Search code examples
javaoptimizationrecursioncompiler-constructionjit

Can Java compiler optimize adding to a set in recursive methods


Simple question asked mostly out of curiosity about what java compiler's are smart enough to do. I know not all compilers are built equally, but I'm wondering if others feel it's reasonable to expect an optimization on most compilers I'm likely to run against, not if it works on a specific version or on all versions.

So lets say that I have some tree structure and I want to collect all the descendant of a node. There are two easy ways to do this recursively.

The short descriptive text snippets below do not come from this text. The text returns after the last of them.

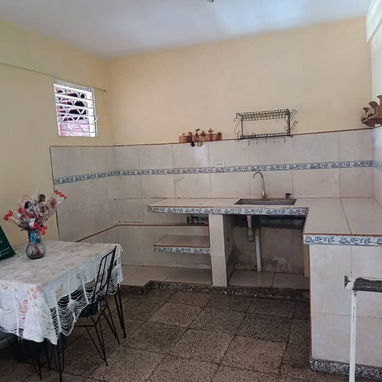 Casa En Planta Alta (Arroyo Naranjo) - 6/10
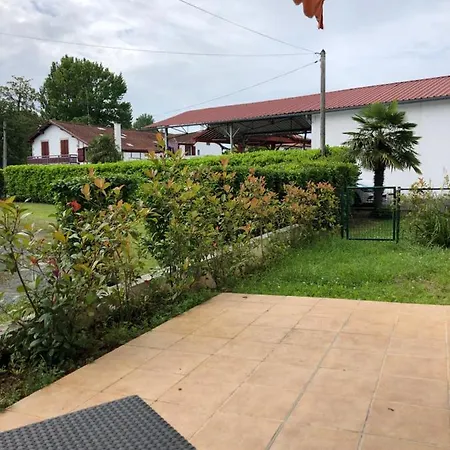 Appartement Cosy, En Rez De Chaussee, En Plein Centre De Cambo Les Bains Buitenkant foto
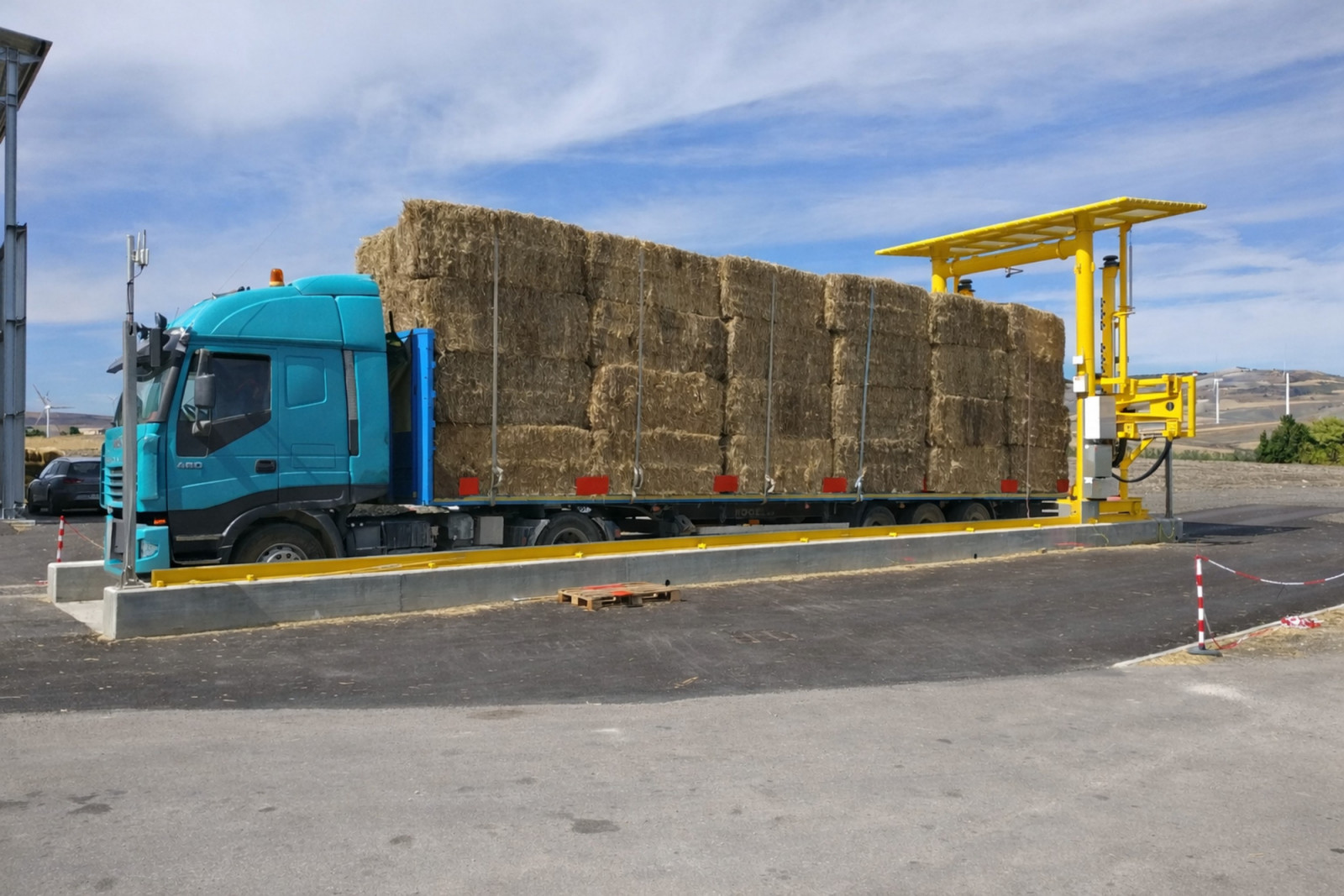 Moisture scanning system for trucks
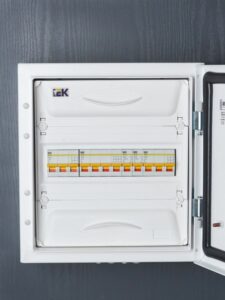 Выключатель нагрузки (мини-рубильник) 1п 20А ВН-32 KARAT IEK MNV10-1-020 — изображение 5
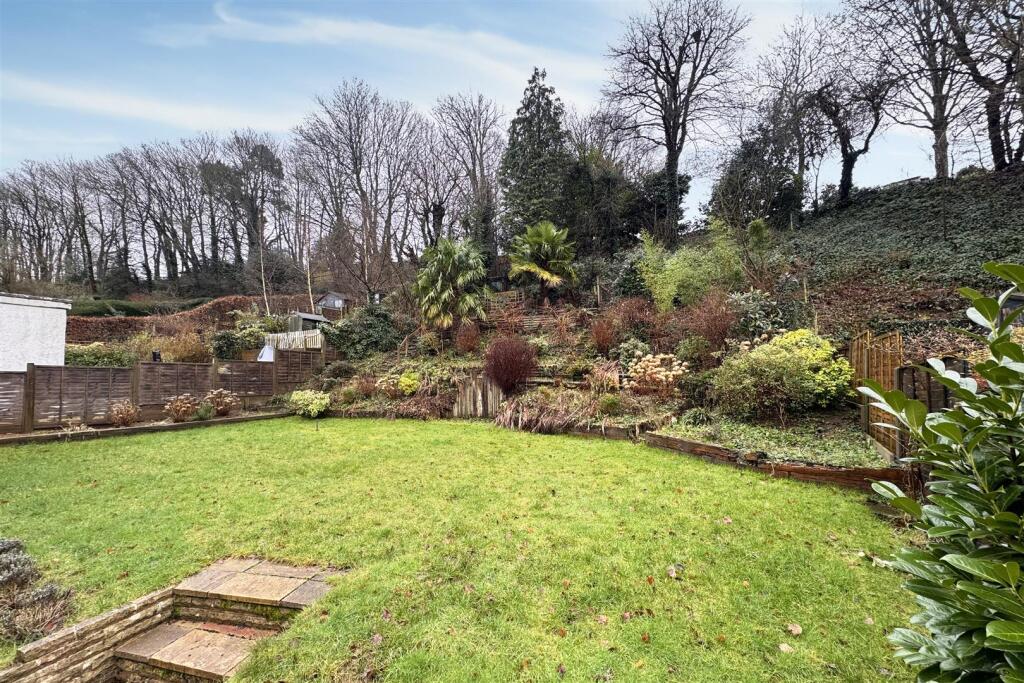 Busbridge - Godalming photo 3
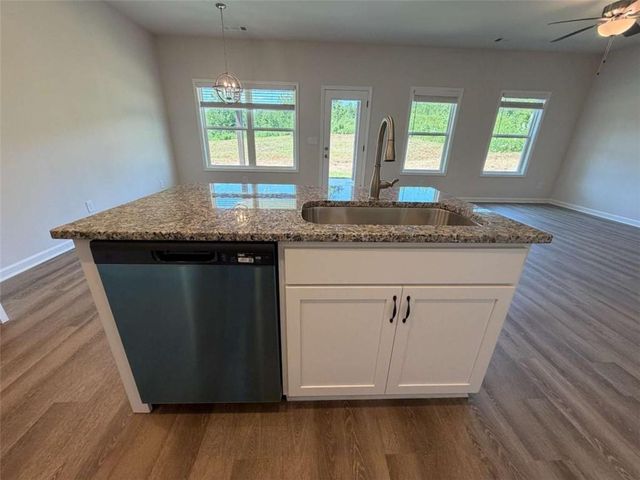 653 Dortch Road, Eastanollee, GA 30538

The more natural method, for me, to do this would be something like this:

public Set<Node> getDescendants(){

   Set<Node> descendants=new HashSet<Node>();
   descendants.addall(getChildren());

   for(Node child: getChildren()){
      descendants.addall(child.getDescendants());
   }

   return descendants;
}

However, assuming no compiler optimizations and a decent sized tree this could get rather expensive. On each recursive call I create and fully populate a set, only to return that set up the stack so the calling method can add the contents of my returning set to it's version of the descendants set, discarding the version that was just built and populated in the recursive call.

So now I'm creating many sets just to have them be discarded as soon as I return their contents. Not only do I pay a minor initialization cost for building the sets, but I also pay the more substantial cost of moving all the contents of one set into the larger set. In large trees most of my time is spent moving Nodes around in memory from set A to B. I think this even makes my algorithm O(n^2) instead of O(n) due to the time spent copying Nodes; though it may work out to being O(N log(n)) if I set down to do the math.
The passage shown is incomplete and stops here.